It was 1948, and I was a very young, very green college student. I was attending Indiana University, five blocks up Woodlawn Avenue, as it was too costly to go anywhere else. Mother and Dad, however, may have felt that some sort of experience away from home would be good for me; and if they felt that they would have been right. A more naive and unworldly eighteen-year-old would have been hard to find even then, and probably would be impossible now. Dad had acquired a brochure listing inexpensive student tours abroad, under the auspices of Columbia University. He and Mother selected for me a month-long stay in a small town in France, with a family who would travel a little with the participants and acquaint them with other families in various walks of life. I was to travel on an unconverted Marine troop ship, and this turned out to be a delight even in rough weather. There was a day of rolling and pitching when I was one of only two passengers on deck having fun.

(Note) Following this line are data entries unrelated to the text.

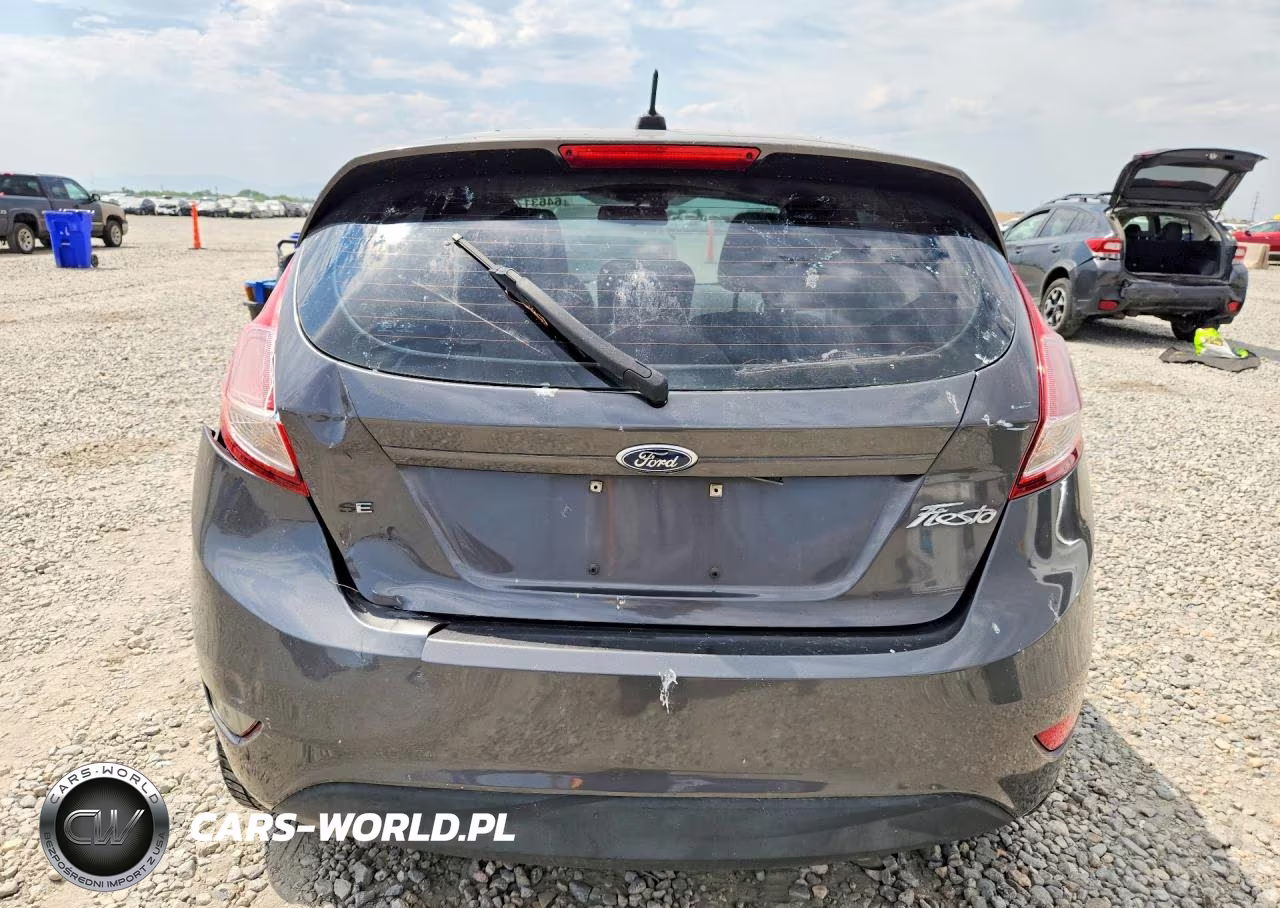 2015 Ford Fiesta Se VIN:3FADP4EJXFM167161 - 6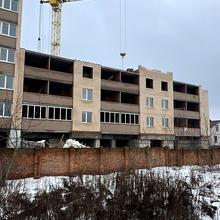 Ход строительства ЖК Кемпинг Сити, 2 дом (секция 2), февраль 2026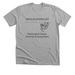 Wildlife Rules Sloth, a Athletic Heather Premium Unisex Tee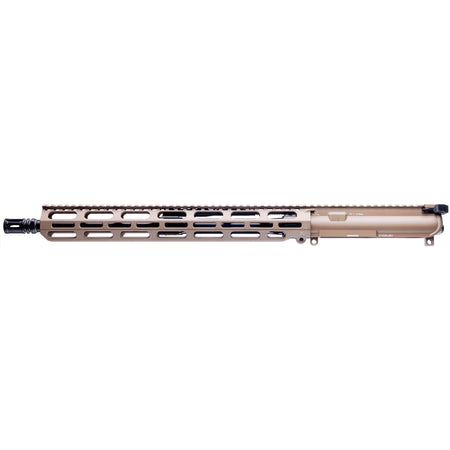 VKTR VK Complete Upper Assembly 5.56 FDE 16 in. Barrel 15 in. Handguard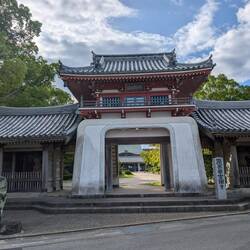 Temple 6 where I'm staying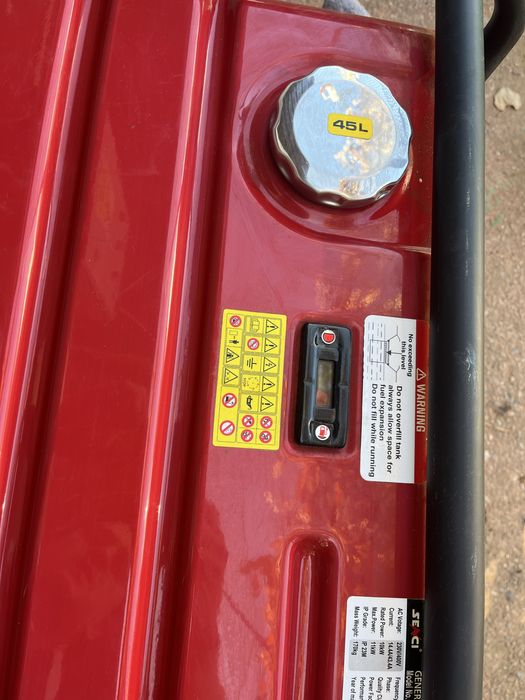 Generator curent SENCI 11 KW , benzina , ATH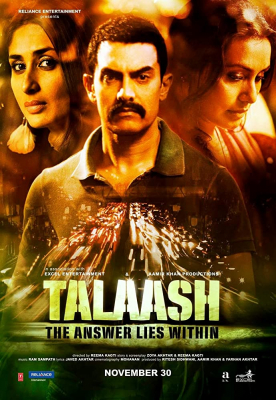 ดูหนังออนไลน์ฟรี Talaash สืบลับดับจิต (2012) ซับไทย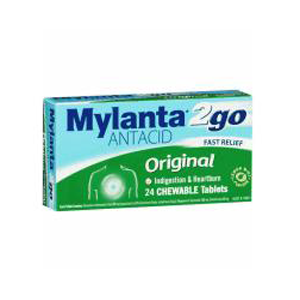 MYLANTA 2Go Original Tabs 24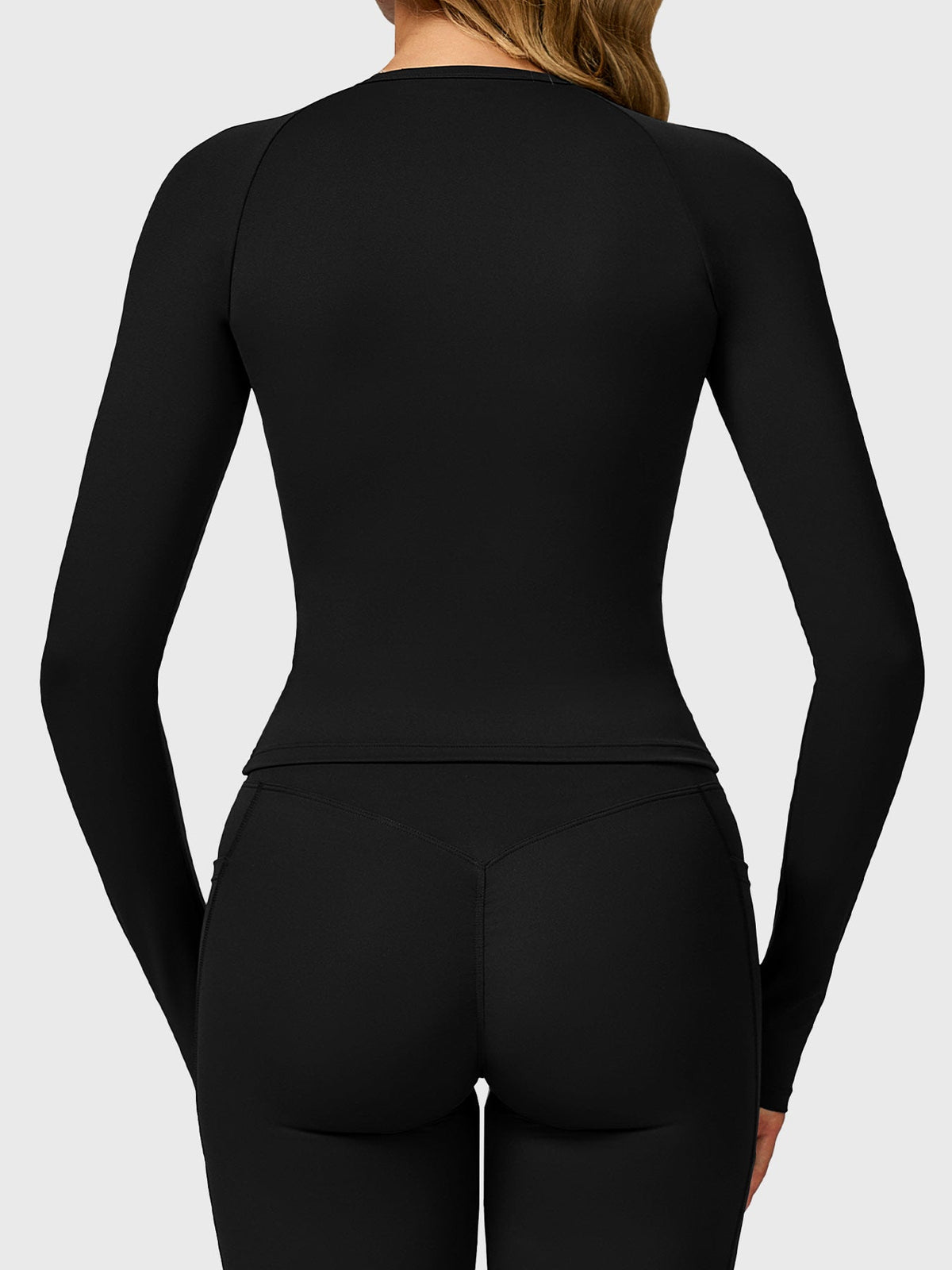 BeaBloom Corfu Top maniche lunghe con design modellante™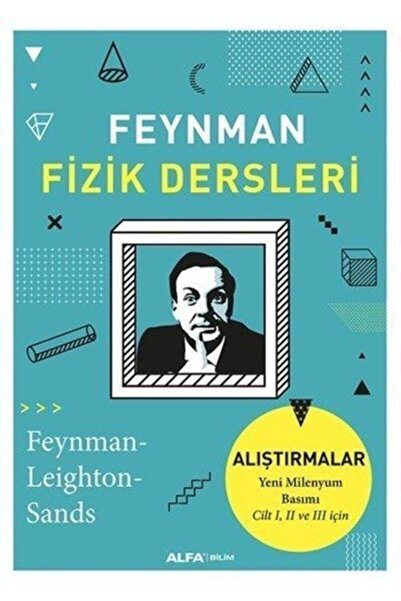 Alfa Yayınları Fizik Dersleri 1-2-3. Cilt İçin Alıştırmalar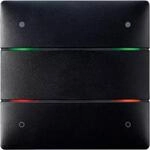 Theben LUXORliving iON4 BK Tastsensor 4 Tasten, 4 LEDs, Integrierter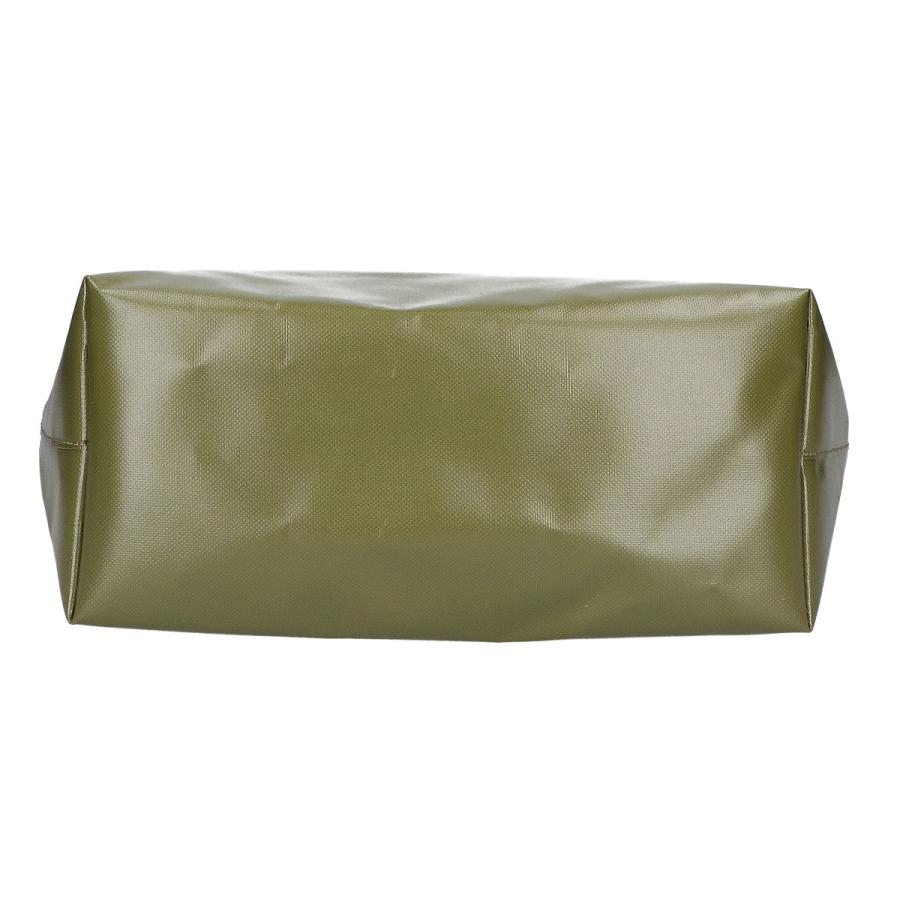 新品同様 MARNI マルニ SHMQ0037A0 TRIBECA トライベッカ  バイカラー ショッピングバッグ ホワイト/カーキ レディースの画像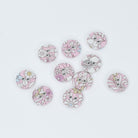 Liberty Button - June's Meadow H-CC 16mm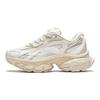Anta Star Moon Shock Absorbing Non-Slip Height Increasing Low-Top Casual Shoes Women Sneakers Off-White 922428816-1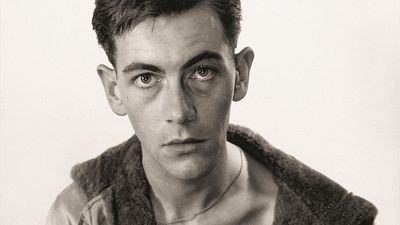 Mark Adams, de Quinta Secuencia / Retrato de hombre joven como actor, 1950 Mark Adams, de Quinta Secuencia / Retrato de hombre joven como actor, 1950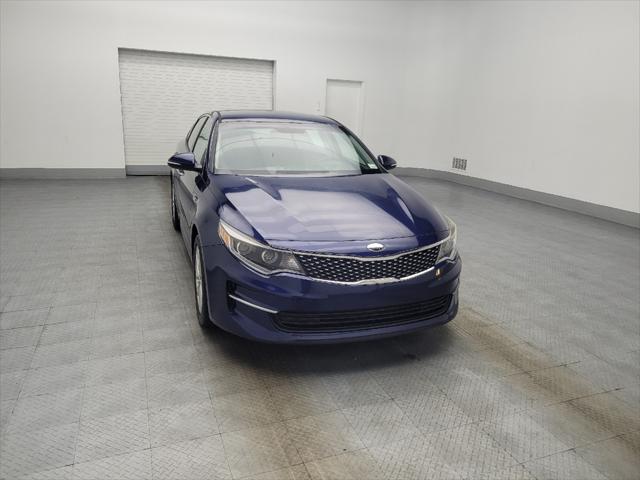 used 2016 Kia Optima car, priced at $15,095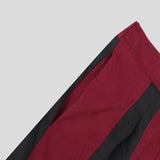 AIDASE  -  Men Wide Leg Pants Elastic Waist Loose Casual Trousers Men Streetwear 2025 Patchwork Color-block Fashion Male Long Pants aidase-shop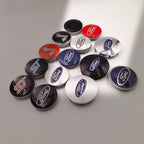 4pcs 54/62/65mm Car Wheel Center Caps Hubcap Cover Car Wheel Center Hub Metal Emblem Cap Cover for Ford Focus Mk3 F150 Mondeo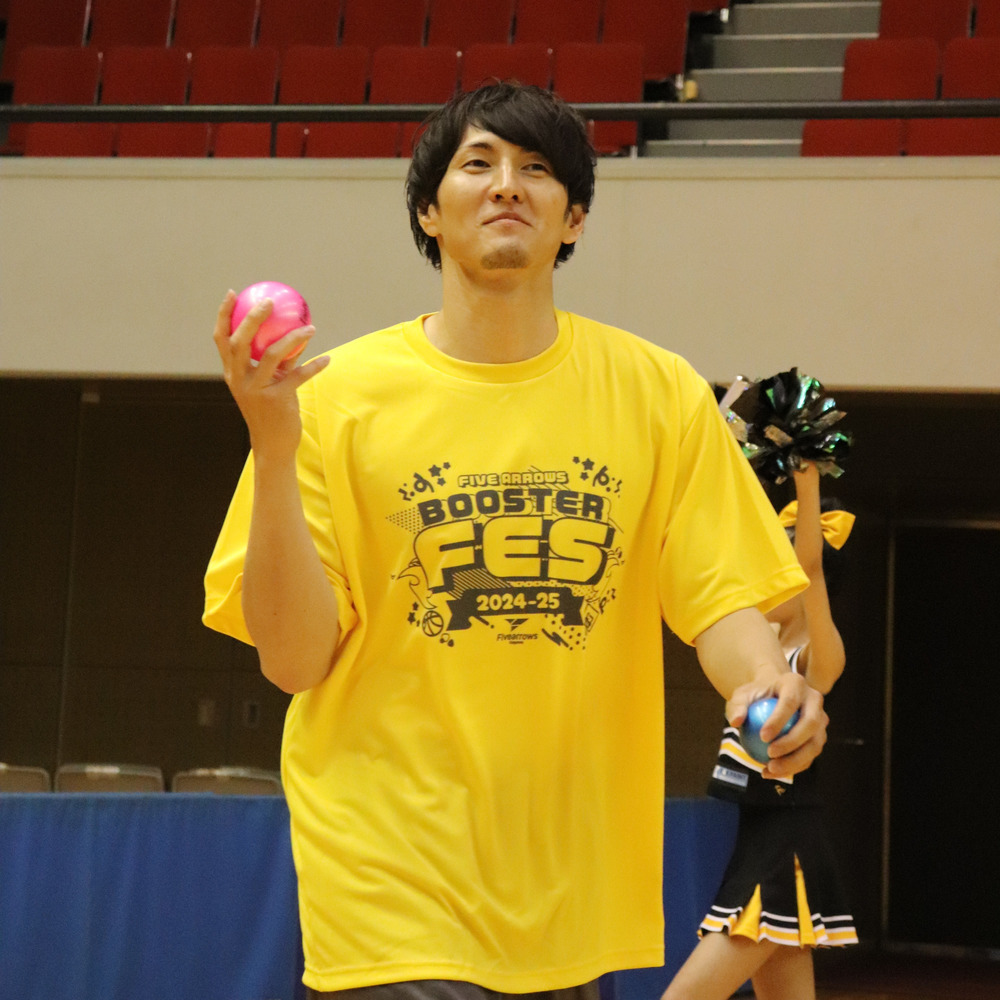 2024-25ブースターフェスTシャツ 詳細画像 3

On my arrival in France, the rendezvous with the two other American students and with our French hosts took place. Monsieur was a tall, imposing figure who was the pastor of a Protestant church; Madame his wife’s origins were Italian and Russian. They had several children, only one of whom, their daughter of about our age, was to spend time with us, We all piled into their aging Citroen and headed for the parsonage where we were to live for four weeks.
As described in the brochure, we partook of their family life; we met French doctors, farmers and shoemakers; we toured Roman ruins and VanGogh scenery; and we brushed up our French language skills. All in all, the experience lived well up to expectations.
Their names had of course been known to us from our first reading of the brochure. What we did not know, and I at least was not to learn for some years, was this: Andre Trocme was the pastor under whose guidance the entire village of Le Chambon had saved hundreds of Jews during the Nazi era. How recent a memory this must have been to them when we were there, but not a word did they say to us about their heroism.
Through the book by Philip Hallie, Lest Innocent Blood Be Shed; and the Pierre Sauvage film Weapons of the Spirit, the world now knows the Trocmes. What a privilege it would have been to hear their story as they would have told it.